A verbatim copy of all the data is required, minus any images.

■ GIVEN INFORMATION
-- Opening Marker --

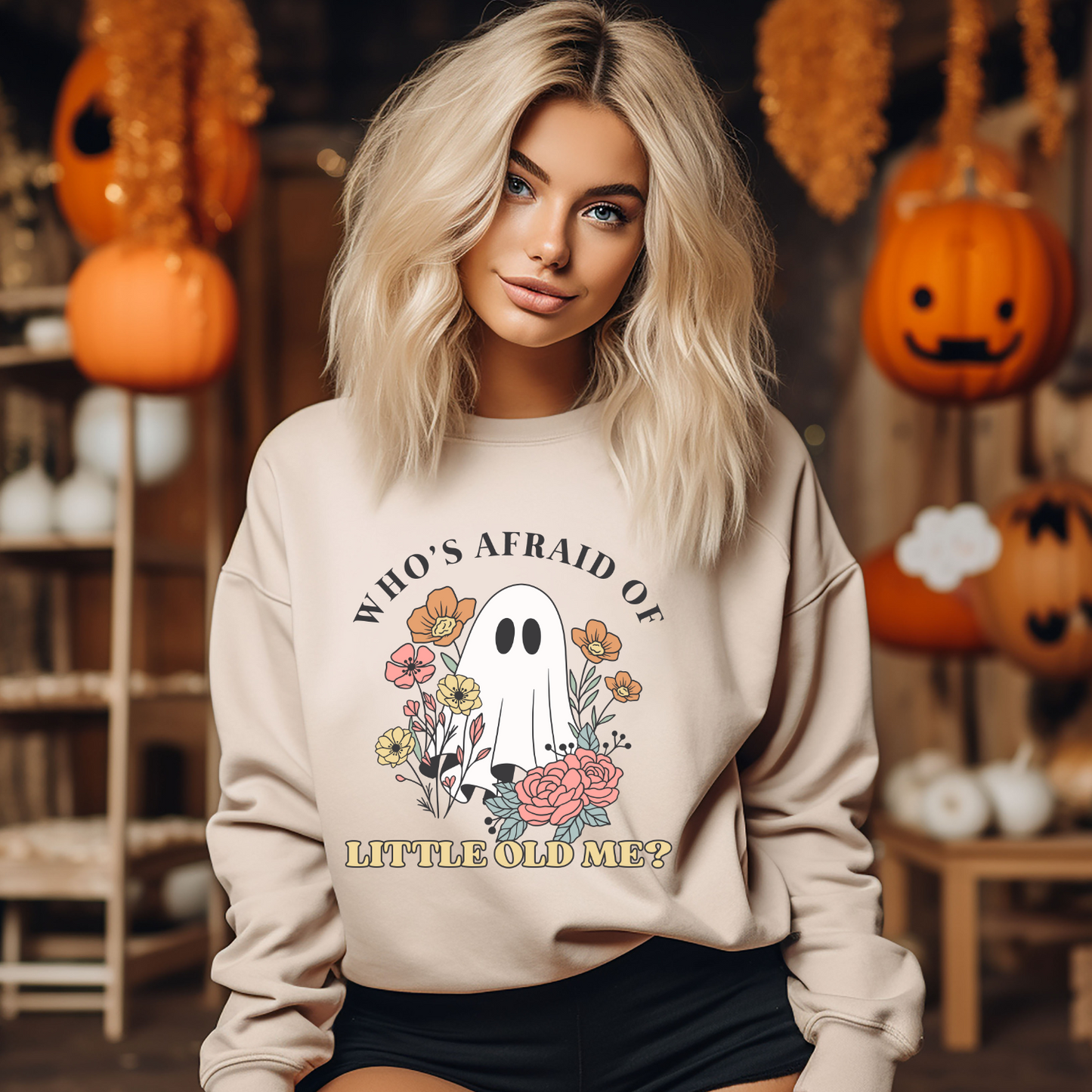 Whose afraid of Little Old Me Custom Crew Neck Sweatshirt - fall sweatshirt - halloween sweatshirt - boho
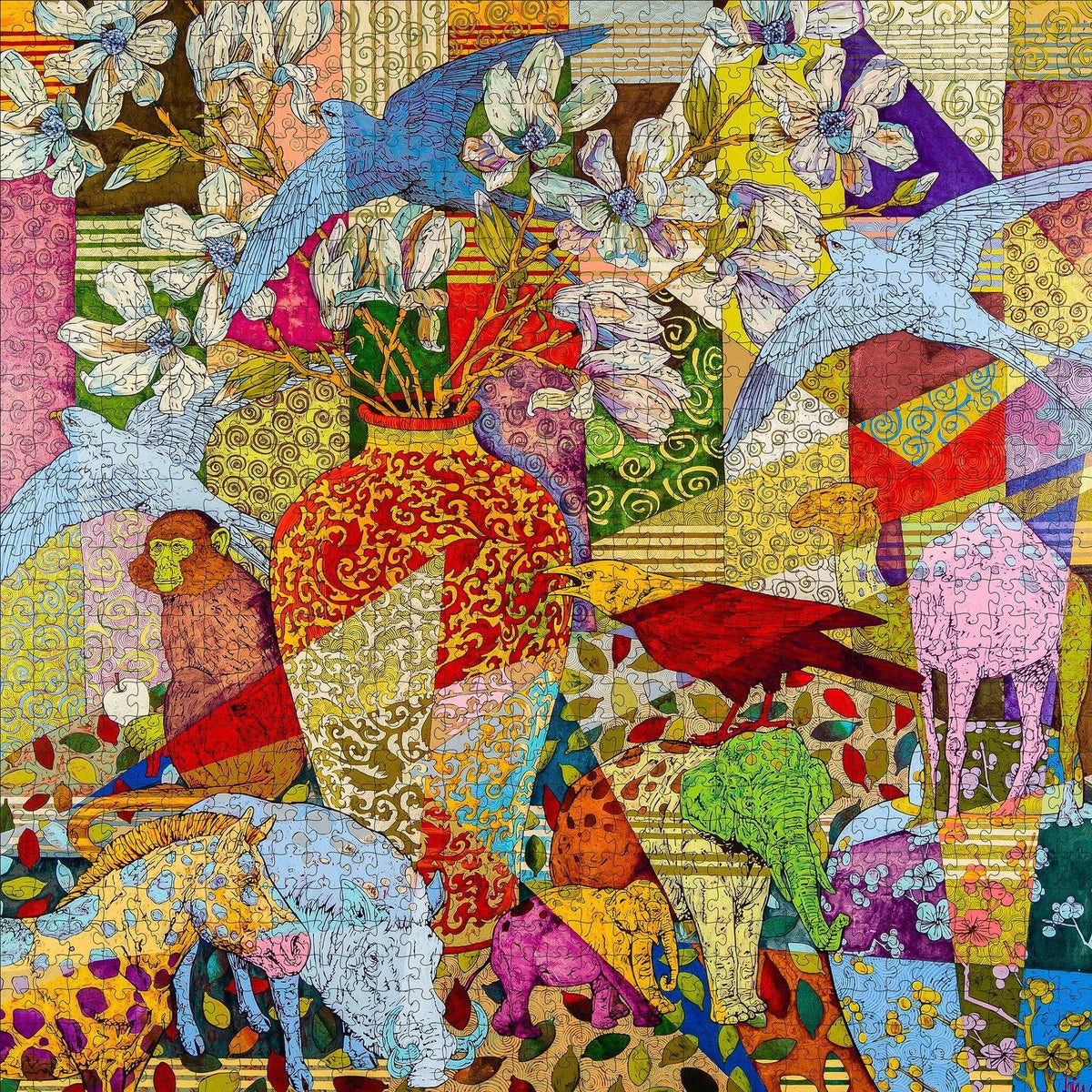 Quilt 1000 Piece Jigsaw Puzzle Pomegranate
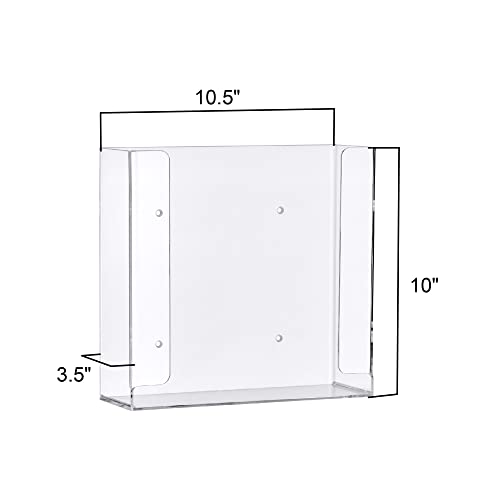 Acrylic Glove Box Holder, Wall-Mounted Glove Dispenser, Floating Glove Box Organizer, Medium Size (for 2 Boxes), 10.5" W x 10.0" H x 3.5" D (Mounting Hardware Included) - size: Medium (for 2 Boxes)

-- Closing Marker --

■ EXERCISE RESPONSE
 Whose afraid of Little Old Me Custom Crew Neck Sweatshirt - fall sweatshirt - halloween sweatshirt - boho
 Quilt 1000 Piece Jigsaw Puzzle Pomegranate
 Acrylic Glove Box Holder, Wall-Mounted Glove Dispenser, Floating Glove Box Organizer, Medium Size (for 2 Boxes), 10.5" W x 10.0" H x 3.5" D (Mounting Hardware Included) - size: Medium (for 2 Boxes)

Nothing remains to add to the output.